- Sire: Giant's Causeway
- Grandsire: Storm Cat
- Dam: Helsinki
- Damsire: Machiavellian
- Sex: Stallion
- Foaled: 27 March 2002
- Died: 16 April 2020 (aged 18)
- Country: United States
- Colour: Bay
- Breeder: Dr Phillip McCarthy, Fred Hertrich, John Fielding
- Owner: Richard Ketch (age 1 to 2) Abdulla Buhaleeba (lessee for first two races) Godolphin Racing
- Trainer: Mark Johnston Saeed bin Suroor (at age 3)
- Record: 7: 6–0–0
- Earnings: £1,099,290

Major wins
- Vintage Stakes (2004) Dewhurst Stakes (2004) Poule d'Essai des Poulains (2005) Prix du Jockey Club (2005) St. James's Palace Stakes (2005)

Awards
- Cartier Champion Two-year-old Colt (2004) Timeform rating: 134

= Shamardal =

American-bred Thoroughbred racehorse

Shamardal (27 March 2002 – 16 April 2020) was an American-bred Thoroughbred racehorse who competed in the United Kingdom and in France. He was the 2004 European champion two-year-old and a double Classic winner aged three. He was also a successful sire.

==Background==
Bred at Watercress Farm in Paris, Kentucky, Shamardal was sired by the 2000 European Horse of the Year, Giant's Causeway. He was out of the mare Helsinki, who had been only an average runner, but who was a full sister to Street Cry.

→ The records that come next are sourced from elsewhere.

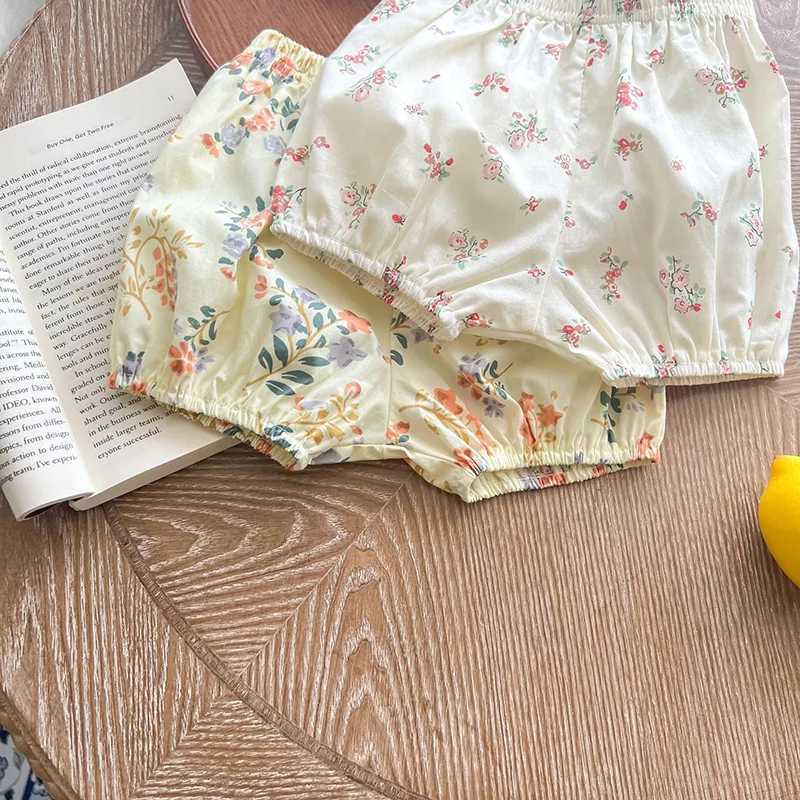 Conjuntos de roupas 2023 Summer Baby Clothing Conjunto de meninas florais Ternos de meninas Peter Pan Collar Tee e Bloomer H240425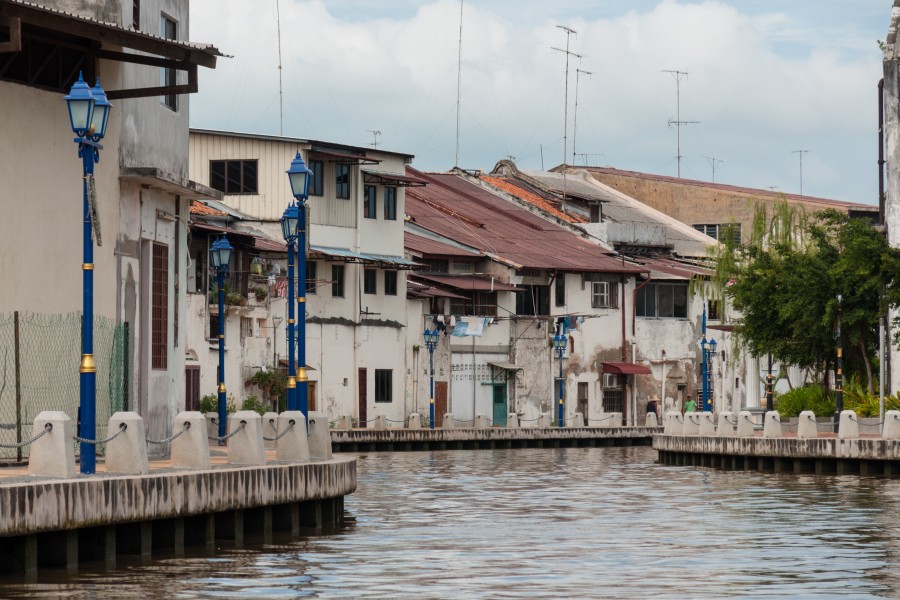 Malacca Malaysia Pittoresque-houses-along-Sungai-Melaka-01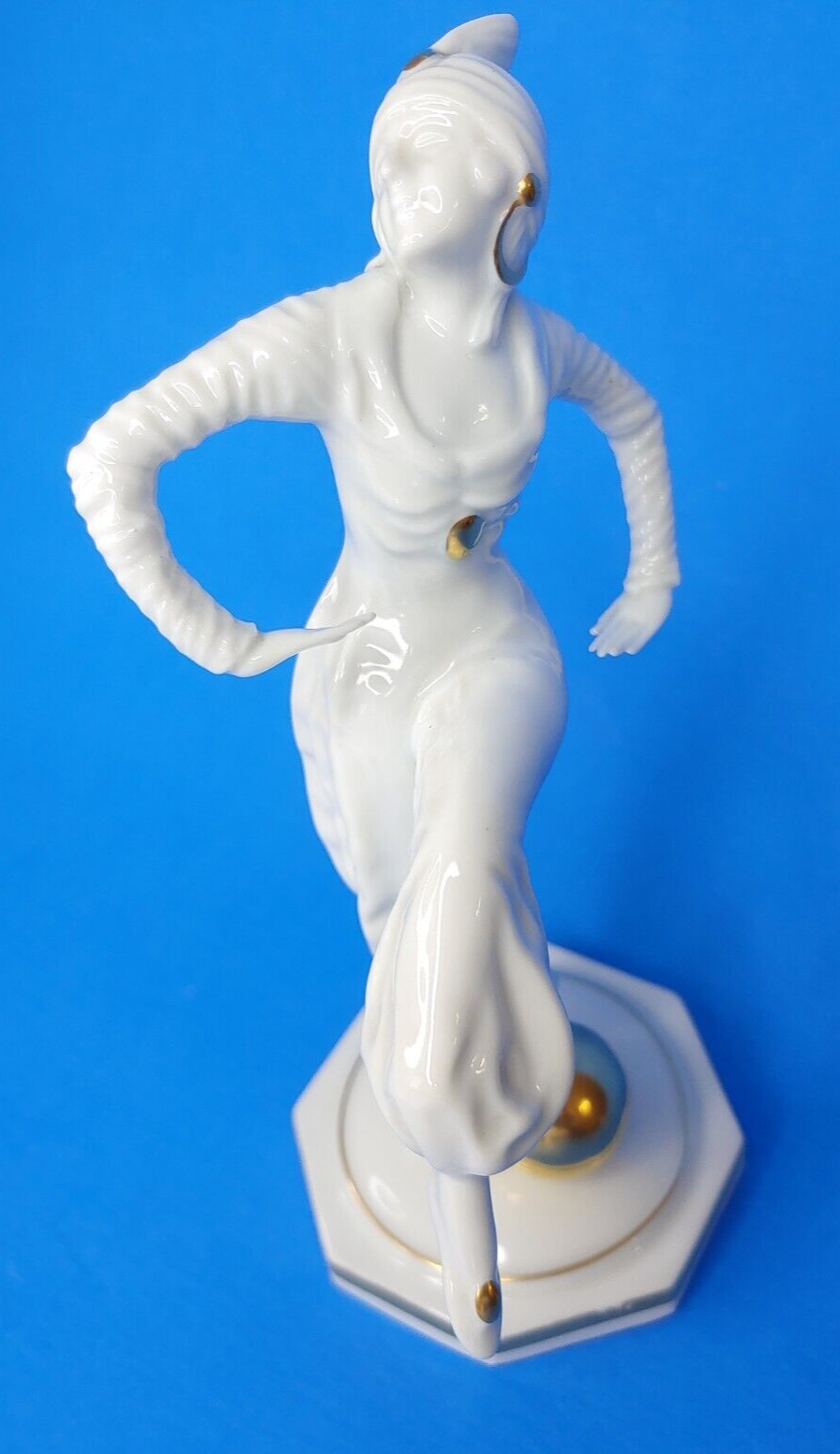 Hutschenreuther WHITE Porcelain Figurine DEFANTI DANCER DECO GOLD BALL BAVARIA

Shamardal's damsire was Machiavellian, a son of the leading sire in North America, Mr. Prospector.

In November 2002, his breeders put him up for sale at the Keeneland Sales but when the bidding failed to meet their reserve price they decided to wait until the following year to auction him again. In early 2003, the yearling began to exhibit a subtle lack of coordination and an abnormal clumsiness in his gaits. He was soon diagnosed with a Grade 3 level of cervical vertebral malformation syndrome, a spinal disorder commonly referred to by horsemen as the "wobbles". The disease means the horse will likely never race and usually results in their having to be euthanized because their condition can cause them to collapse without warning that could result in severe injury to a handler. Shipped to specialists at Ohio State University, x-rays and a myelogram confirmed the condition. As such, his breeder/owners filed an insurance claim and turned ownership over to the insurance company where the colt became a standard case for euthanasia.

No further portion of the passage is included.